While there aren’t any notes to speak of that are the same, they depict the last four notes of “Some Things Never Change” as an “inversion” of the last four in “That Girl.” What’s an inversion, you don’t ask because you rightly don’t care? “Melodic inversion” is a compositional technique where you take a melody that for example starts on C, moves UP a diatonic step to D, then down three diatonic steps to A, and then, because you’ve perhaps been taught in your 20th century composition class at conservatory that inversion is cool, you write a sort of reverse of that, beginning perhaps but not necessarily again on C, then instead of up, you write the next note DOWN a diatonic step to B, and then UP three diatonic steps to E. You’re writing melodies that move by the same intervals as before, in the opposite direction as before.
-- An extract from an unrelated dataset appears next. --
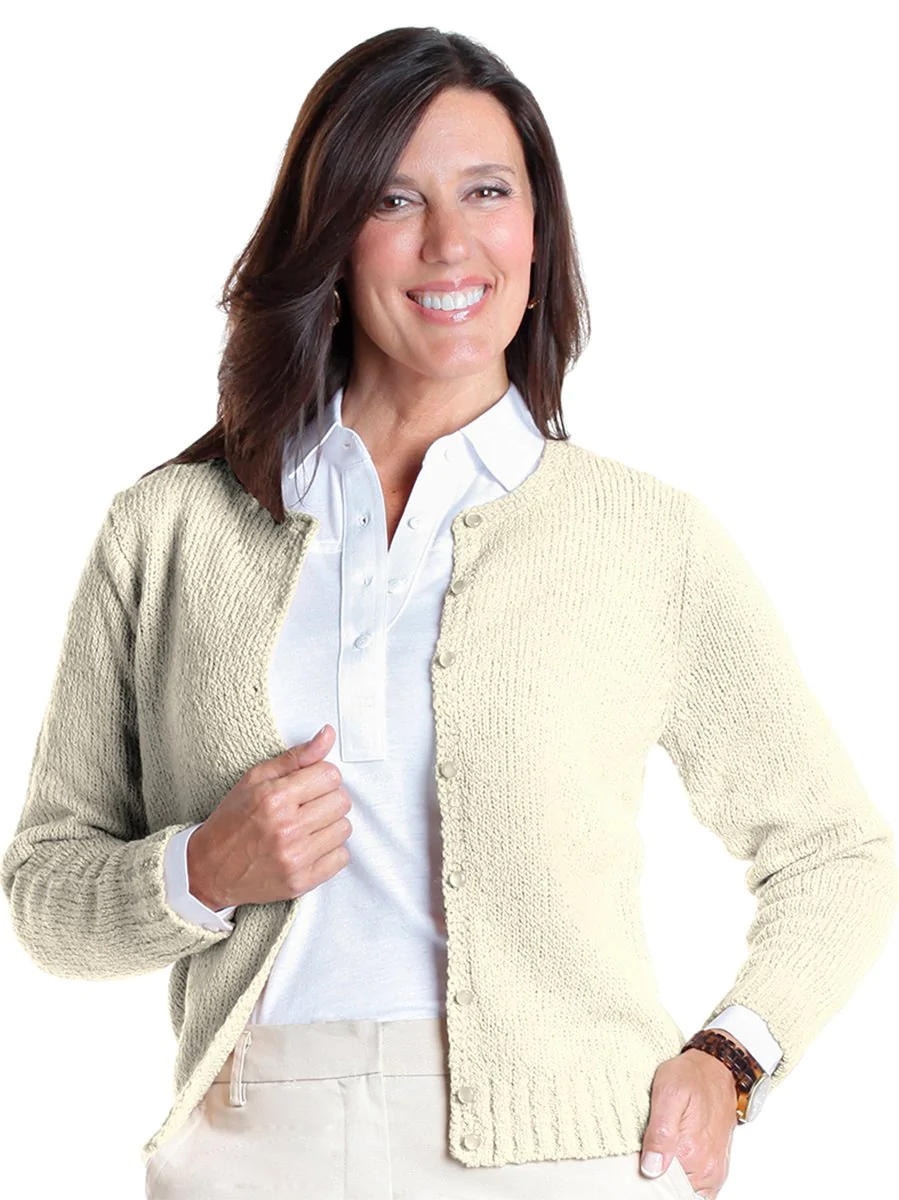 Leon Levin Cream Cardigan Sweater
Is this musicologicially significant or probative of copying? Sure, sometimes. If I found a melody a dozen notes long and then another melody in the next measure or a corresponding measure that was a perfect retrograde inversion of those twelve notes? I’d surmise the composer employed that technique.

So they’d have us believe Lopez and Anderson-Lopez derived their melody by taking the four notes from “That Girl,” which are B down one to A, down one to G, down three to D, and inverting them, G up one to A, then up one to B, then up not three but two to D, because I dunno, they couldn’t count to three?

What it actually is, simply, is “Mi – Re – Do – Sol” versus “Do – Re – Mi -Sol.”

When we hear “Do Re Mi” do we ask, “how on earth did you come up with that?” No.

Do those sound at all the same? No.

Have we indulged this long enough? Yes.

There are a few pages of observations left in the complaint, but that last one wore my patience. Inversion is a thing. It’s all over the place in classical music. In Jazz, you’re taught to do it when you’re learning to stretch material. In serial music, it’s rudimentary. But is it the best explanation of how one song goes DO RE MI and another goes MI RE DO? No.

A musicologists job is to illuminate the musical matters for the finders of truth to consider. This is more like confusing them and getting them to focus on a shiny meaningless sideshow.

Ed Sheeran is right when he says there are too many cases like this out there. That’s not Mr. Grigson’s fault, nor his burden, and he’s entitled to his opinion. And I remain sympathetic, truly. He owes it to himself and to his eleven year old to make sure he has not been taken advantage of.

A musicologist and the courts should assure him he has not been, and he should go back to living his, I hope, happy and fulfilling life, not haunted by any of this. Probably too late for that.